El teatro que yo quiero se desentiende de las manías tiránicas y mudables de cada tiempo. Resiste el actual contexto de sobreestimulación, estridencia, dinamismo insustancial, hipertecnologización y descorporeización que desconectan al individuo de sí mismo. Conserva su naturaleza esencial: concede el protagonismo al ser humano –intérprete y espectador–, a su transformación interna y a su capacidad para incidir en un cambio exterior urgente. Para centrarse en lo fundamental, este teatro se despoja de todo lo demás: el espacio vacío le permite evocar cualquier lugar real o imaginario en la pantalla mental del receptor con mayor eficacia y riqueza que la construcción escenográfica o la proyección audiovisual más elaboradas. El consumo material se reduce a lo básico y no hay objeto que entre en escena sin una buena razón para hacerlo.
Esta desnudez externa por supresión de lo prescindible expone al receptor a una experiencia cada vez más inédita: la desaturación. La belleza sobria cae como un mazazo y frena en seco el torbellino cotidiano. Al desconcierto y la incomodidad iniciales, causados por la privación de lucecitas, bocinazos, atestamiento y trepidación, les sigue una percepción más fina. Ahora el espectador puede captar y dejarse afectar por la sutileza.
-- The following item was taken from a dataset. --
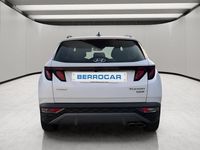 Usado Hyundai Tucson 136 CV (100 kW) 2022 Blanco SUV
Y en ella funda su imperio la palabra.
El teatro que quiero debe permanecer libre de las dictaduras de la época porque aspira a tocar por dentro, en su esencia humana e intemporal, a sus destinatarios. Es un teatro de texto que integra lo poético, lo narrativo y lo ensayístico, con la misma naturalidad con que conviven, en la expresión verbal de cada persona, las distintas funciones del lenguaje. Y es un teatro político que expone los tabúes desde la sencillez y la hondura, porque la elaboración artística y la representación transparente de cuestiones espinosas nos abren a soluciones que no existían mientras apartábamos la vista.
Tengo la fortuna de compartir esta visión del teatro con Salva Artesero, actor y miembro de Cos de Lletra, compañía que formamos hace 16 años. Escribo textos basados en la palabra y la interpretación, que transcurren en un espacio casi vacío y abordan asuntos ásperos, con la certeza de que Cos de Lletra se lanzará a producirlos. Sin excesos. Sin afán de encajar en el teatro de otros. Con este amor constante y diligente por un teatro nuestro.